Letter, 31 July 1924, added to the papers of South Carolina legislator and University of South Carolina trustee Cyrus Luther Shealy (1883-1968) was written on Ways and Means Committee letterhead and addressed to Olin D. Johnston (1896-1965), a fellow member of the South Carolina House of Representatives living in Anderson. The letter responded to Johnston’s questions “relative to the action of the University Board in discontinuing the services of Judge [Thomas H.] Spain, formerly of the Law Faculty.”
Shealy reminds Johnston that the Board had met in executive session and that it would therefore “be improper for any member...to recite the reasons prompting its action in matters of this kind.” “As you know,” the letter continues, “it is the exclusive right of the Board to elect professors and other employees and officials of the University, and it is, likewise, the right and duty of the Board to discontinue such services as it dee[m]s to be for the best interest of the University.”

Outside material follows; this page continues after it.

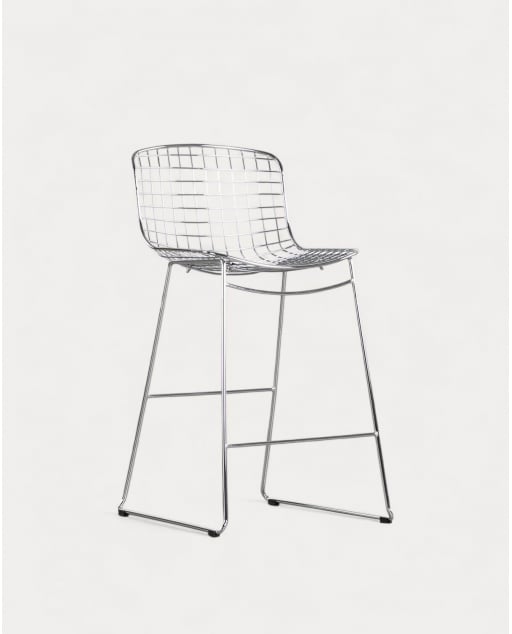 Pack 2 High Steel Stools (66 cm) Low Backrest Aras Trend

Further stating that “there were no personal reasons for our action” and reminding Johnston that “Judge Spain failed for re-election as Circuit Judge at the hands of the General Assembly,” Shealy concluded—“we wish to keep the University out of politics; and I hope that the confidence you had in me in helping to elect me a member of the Board will prompt you to trust me to do the right thing as I can understand it.”